Reproduce exactly, and only, the lines of the material below running from the line bearing "Hello there, you're" through the line bearing "I need to find". Leave any pictures out.
═══ Supplied material ═══
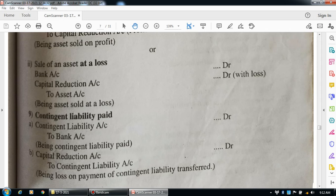Contingent liability means a liability that may or may not materialize depending on certain conditions. For example, if an employer has a case against the company, that is a contingent liability. The amount is uncertain — it may happen or not. It is also uncertain in amount.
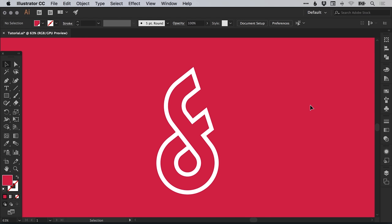Hello there, you're watching Dansky, the place to be to develop your creative skills and grow as a designer. In this tutorial, we're going to learn how to draw a monogram logo in Adobe Illustrator.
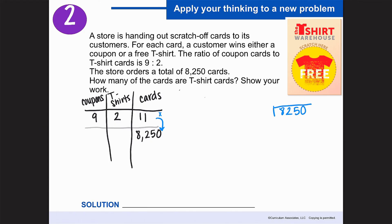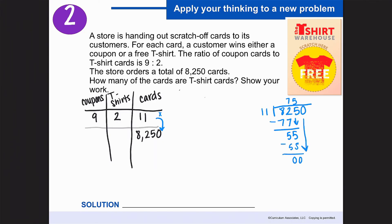I need to find how many times 11 goes into 8,250. Doing long division: 11 goes into 82 seven times (7 times 11 is 77), with 5 remaining. Bring down the next 5: 5 times 11 is 55, with none remaining. Bring down the next place value: 11 goes into 0 zero times. The quotient is 750. To get equivalent ratios, I multiply both parts by 750.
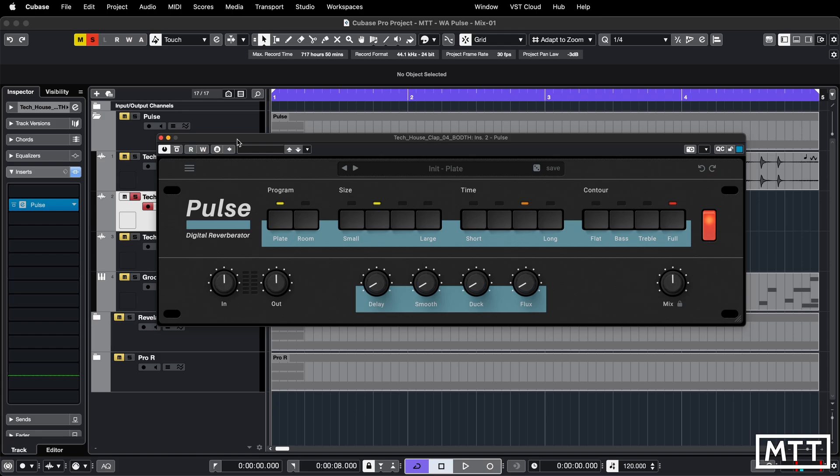There are four variable controls to alter the basic reverb that you get by changing the program: delay, smooth, duck and flux — which we're going to take a look at. We've also got a mix control and a bypass button which is designed as a power switch, which is one of those nice little touches that makes it feel more real.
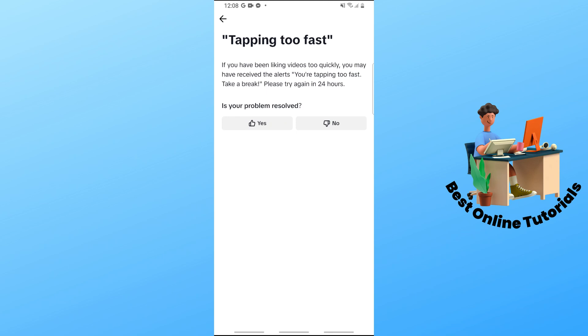It says to try again in 24 hours. So that's their solution - just wait for at least 24 hours and you should be able to fix the issue.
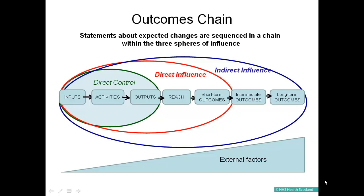Although the arrows on the slide go from left to right, ideally in outcomes-focused planning we should work backwards from right to left. We should start by agreeing the outcomes we want to achieve and then identify in a logical way how we intend to achieve them, based where possible on evidence. This helps to ensure that each step is plausible, realistic and accounts for external factors which may influence the outcomes.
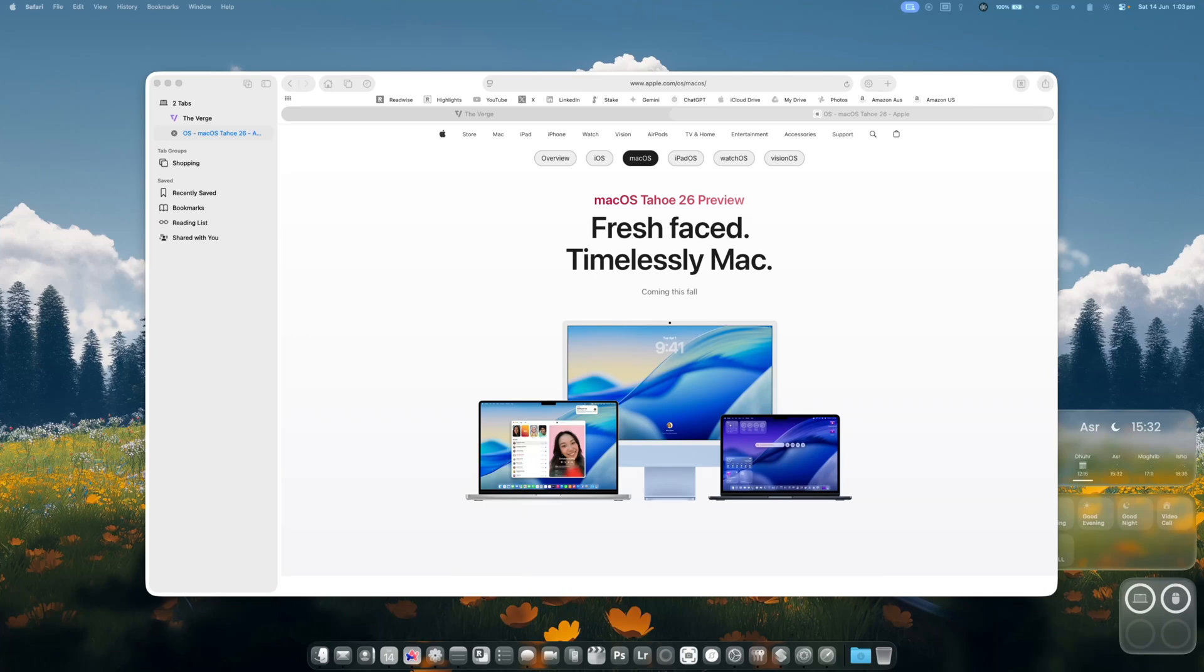Another day, another beta. Welcome to macOS Tahoe 26. It's Apple's latest operating system update for their Mac environment and we're going to take a look at some of the exciting changes that they've made.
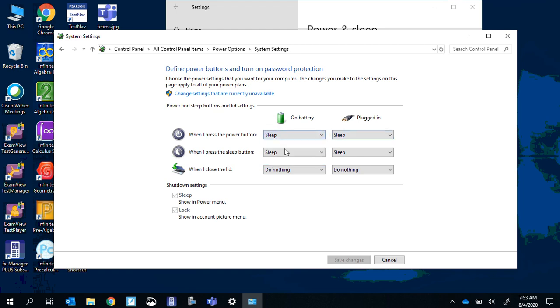Make sure you do it for battery and plugged in if you want to change them. Sometimes there's a separate sleep button. Sometimes the computers kind of get them mixed up, so I usually keep them the same.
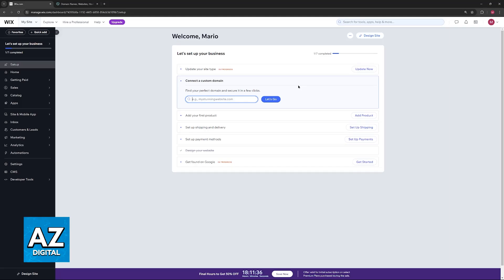It only takes two major steps. First, you will have to initiate a transfer on the Wix website. Sign into your account and access your domains page.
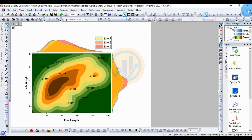This completes the kernel density contour fill plot in the marginal graph. Thank you for watching this video. If you have any questions, leave a comment in the comment box and I will help you. Thank you for watching.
═══
» Result of the exercise
Hello there, you're watching Dansky, the place to be to develop your creative skills and grow as a designer. In this tutorial, we're going to learn how to draw a monogram logo in Adobe Illustrator.
I need to find how many times 11 goes into 8,250. Doing long division: 11 goes into 82 seven times (7 times 11 is 77), with 5 remaining. Bring down the next 5: 5 times 11 is 55, with none remaining. Bring down the next place value: 11 goes into 0 zero times. The quotient is 750. To get equivalent ratios, I multiply both parts by 750.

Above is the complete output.